Use of these zoning districts presents the question of where to draw the boundary between a “single family” residence and a “group” residence. This question is particularly important in determining how to treat small group homes for persons with disabilities, facilities that are designed to provide housing, personal care, and habilitation services in the quiet residential setting of a single family zoning district.
Suppose a zoning ordinance provides that no more than four unrelated individuals are allowed to reside in a “single family” home. Group homes, health care, and institutional uses are allowed in other zoning districts, but not in this district. Under this wording, which of the following group homes would be allowed to locate in that zoning district, assuming they secure the necessary social service license?
- A regional mental health support organization owns a single-family ranch house. They use it to house six adults with moderate developmental disabilities, providing a structured living environment with a resident manager.
- A local church owns a large Victorian home. They are using it as a group home for six teenage girls. They provide a safe living environment, counseling, remedial education, and other services for teenagers who have dropped out of school or been convicted of a criminal offense that did not result in incarceration.

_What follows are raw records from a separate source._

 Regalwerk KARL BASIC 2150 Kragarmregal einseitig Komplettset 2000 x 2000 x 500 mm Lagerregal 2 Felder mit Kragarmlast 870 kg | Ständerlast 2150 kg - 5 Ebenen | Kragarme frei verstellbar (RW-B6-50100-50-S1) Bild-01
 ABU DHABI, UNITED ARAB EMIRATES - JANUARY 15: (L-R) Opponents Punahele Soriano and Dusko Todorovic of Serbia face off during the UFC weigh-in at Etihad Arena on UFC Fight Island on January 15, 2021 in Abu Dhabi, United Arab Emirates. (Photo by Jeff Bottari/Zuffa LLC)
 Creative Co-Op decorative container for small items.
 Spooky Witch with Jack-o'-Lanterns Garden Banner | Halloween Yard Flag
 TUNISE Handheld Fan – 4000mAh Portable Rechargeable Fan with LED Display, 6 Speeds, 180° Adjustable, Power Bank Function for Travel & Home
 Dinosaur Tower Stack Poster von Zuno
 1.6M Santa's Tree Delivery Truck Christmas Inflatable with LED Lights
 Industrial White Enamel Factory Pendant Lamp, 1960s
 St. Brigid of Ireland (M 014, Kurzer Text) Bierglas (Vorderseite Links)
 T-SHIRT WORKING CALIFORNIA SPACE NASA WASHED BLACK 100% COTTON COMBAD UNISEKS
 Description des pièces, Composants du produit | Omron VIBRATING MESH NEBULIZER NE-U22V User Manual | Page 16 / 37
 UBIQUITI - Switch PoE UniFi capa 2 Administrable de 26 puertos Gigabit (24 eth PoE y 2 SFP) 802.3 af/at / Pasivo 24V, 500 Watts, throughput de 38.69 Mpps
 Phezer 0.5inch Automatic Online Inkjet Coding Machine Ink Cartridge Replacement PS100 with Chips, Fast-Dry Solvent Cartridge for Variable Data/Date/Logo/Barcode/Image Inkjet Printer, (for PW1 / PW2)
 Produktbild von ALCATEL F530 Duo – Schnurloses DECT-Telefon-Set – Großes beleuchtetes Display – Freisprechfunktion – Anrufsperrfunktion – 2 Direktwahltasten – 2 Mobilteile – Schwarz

- A national nonprofit organization owns a large home and uses it for a residential program for persons recovering from substance abuse. The organization has a zero tolerance policy for substance abuse by the residents. There are nightly counseling sessions held in the home. The home currently has twelve residents.
- A for-profit company provides residential treatment for emotionally disturbed teenage boys. The company is using a home to house six boys who have been diagnosed as emotionally disturbed. The home houses six of these boys and it just began operation across the street from the group home described in example one above.
Each of these group homes share common attributes. They provide needed social services. They are relatively small. They provide services in a residential setting, helping to integrate their clients into the community. Given their positive contributions and small scale, a local government could certainly choose as a matter of local policy to allow each of these as a permitted use in their most restrictive residential zoning district or perhaps to allow them as a special or conditional use with site-specific restrictions imposed as needed to assure neighborhood compatibility.
But in this case the city involved has decided to limit homes in this particular residential zoning district to no more than four unrelated residents. This may well reflect the city’s balancing of the community need for these facilities with the interests of residents in the district for a quiet, stable, family neighborhood. After all, at some point the traffic, noise, and other land use impacts of congregate living facilities (be they rooming houses, fraternity houses, or group homes) can be incompatible with a low density residential neighborhood. Here the city set that dividing point between a “single family” residence and an institutional “group home” use at four unrelated persons. Since each of the group homes in our example has more than four unrelated residents, are they all in violation of the local zoning ordinance?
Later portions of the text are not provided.